But in any case, you really should unmount the stick before unplugging it.Last edited by Gusar on Tue Feb 06, 2007 2:44 pm; edited 1 time in total

----------

## tobr

 *Gusar wrote:*   

> With kernel 2.6.19, a new function was introduced for usb sticks - flush.

 That's interesting, what exactly does it do?

----------

## Gusar

Wow, you're quick  :Smile:  I come back to edit my post and there's already an answer.

It does exactly what you want. Here's where I read about it and have been using it since.  *Quote:*   

> FAT: Add "-o flush" mount option for fat for removable media devices (USB flash-based memory devices, MP3 players). Mounting with -o flush tells FAT to write things to disk as quickly as possible. It is like -o sync, but much faster (and not as safe). Think of it like a fast "async" mount

 

----------

## schiotz

Thanks for all your replies.  I do unmount before pulling it out - except in the rare cases where I forget, and then it looks like the flush option will be the one to minimize the damage. 

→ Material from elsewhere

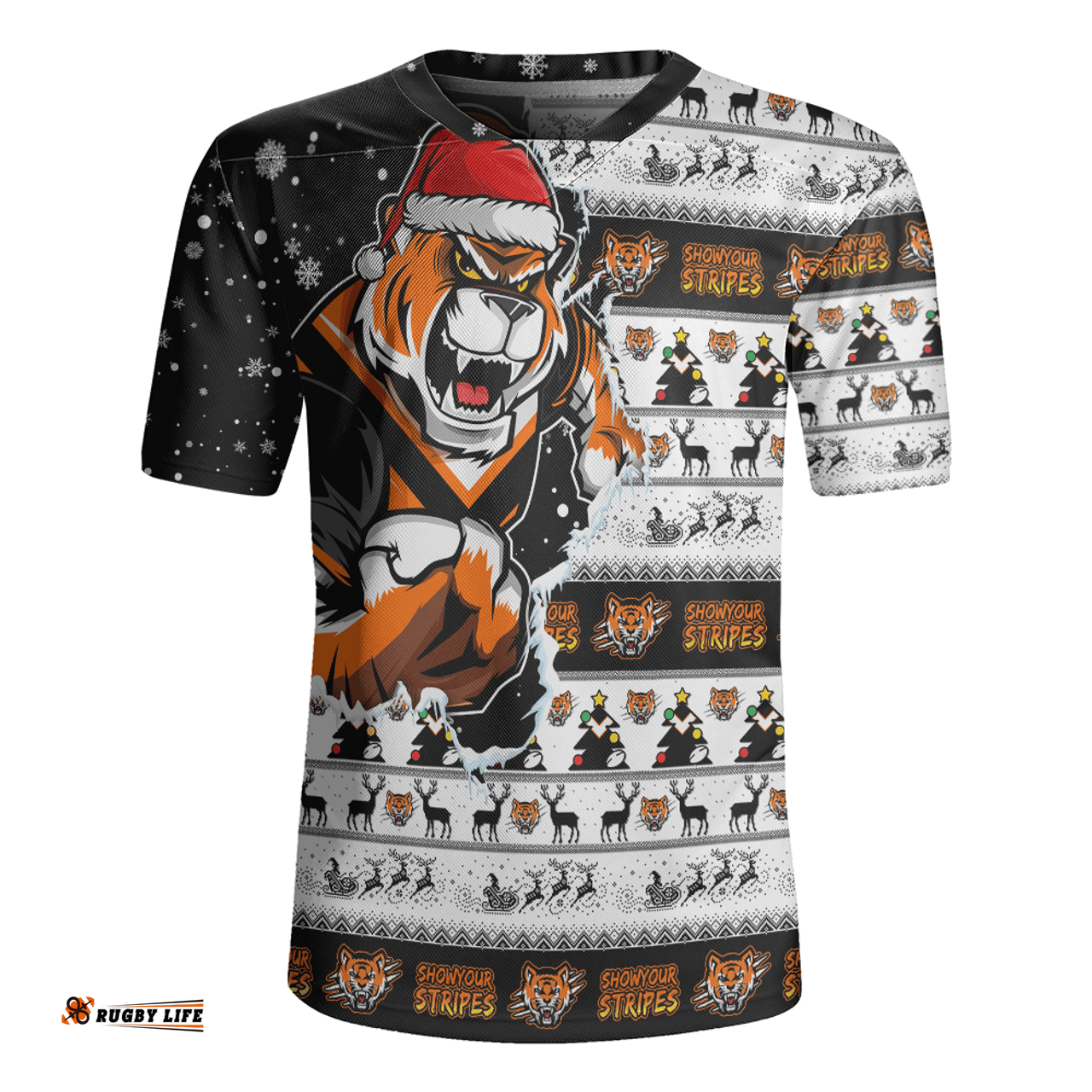 Wests Tigers V-Neck Rugby Jerseys Merry Christmas Our Beloved Team Scratch Style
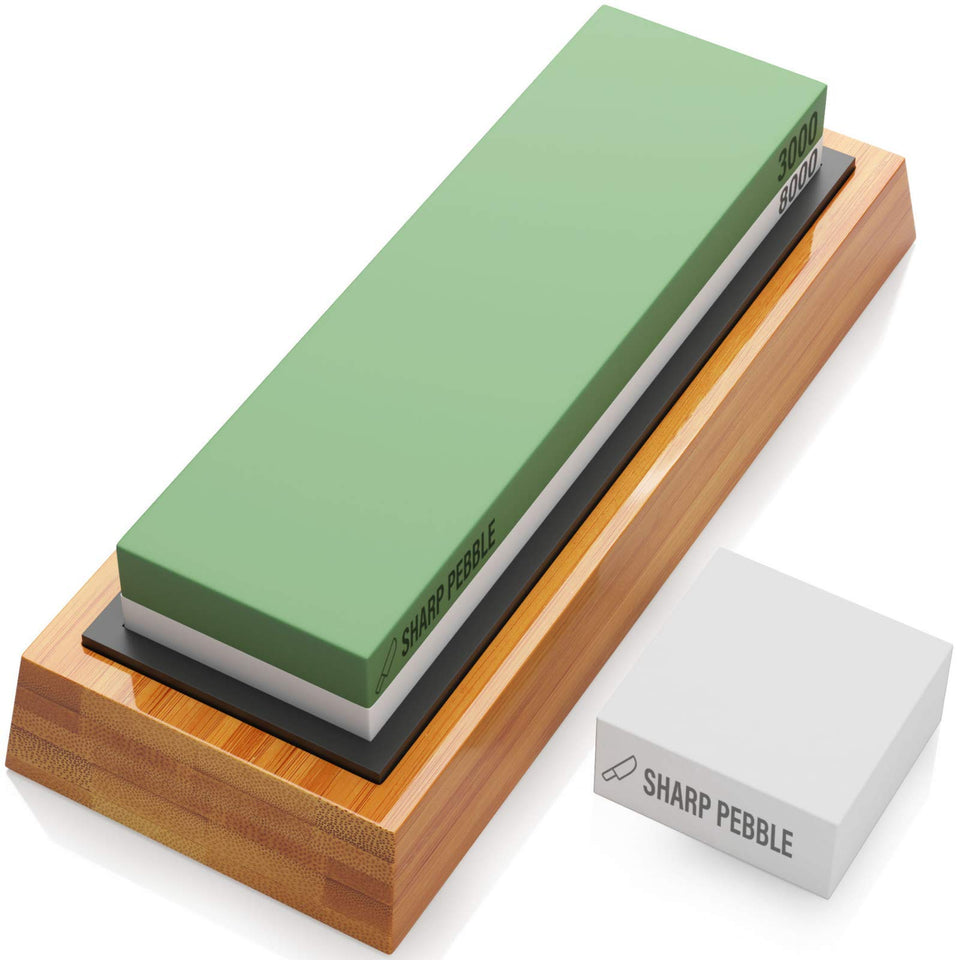 Sharp Pebble whetstone setup with double grit for versatile sharpening on knives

Thanks again for all your input.

/Jakob

----------

## Xanadu

(This is an old-ish thread, but I hope someone sees this)

How do I get udev to automatically add the flush (or sync) option when it mounts my flash disk?  I guess I could put in a fstab entry for it, but frankly, that's a bit too much of a "hack" for my tastes.  I'd much rather alter a udev rule to add "flush" or "sync" (the pluses and negatives of either are not in my question since I've already looked all that much up) to the mount options.  

Can someone point me in the right direction for this?

Thanx!

M.

----------

## coolsnowmen

how and why do you use udev to mount things,

I ask because:

the typical use for udev is for automatic creation of device nodes

the typical way to automount usbsticks is through hal at the lowest point...

----------

## Xanadu

 *coolsnowmen wrote:*   

> how and why do you use udev to mount things,
> 
> I ask because:
> 
> the typical use for udev is for automatic creation of device nodes
> ...

 

Well, OK, then 's/udev/HAL/'.  Whichever actually does the mounting isn't terribly important.  How do I alter it's config to add the flush or sync option when it mounts is what I'm asking.

Thanx.

----------

## coolsnowmen

I ask, because the top level of the auto mounting chain can specify whatever it wants.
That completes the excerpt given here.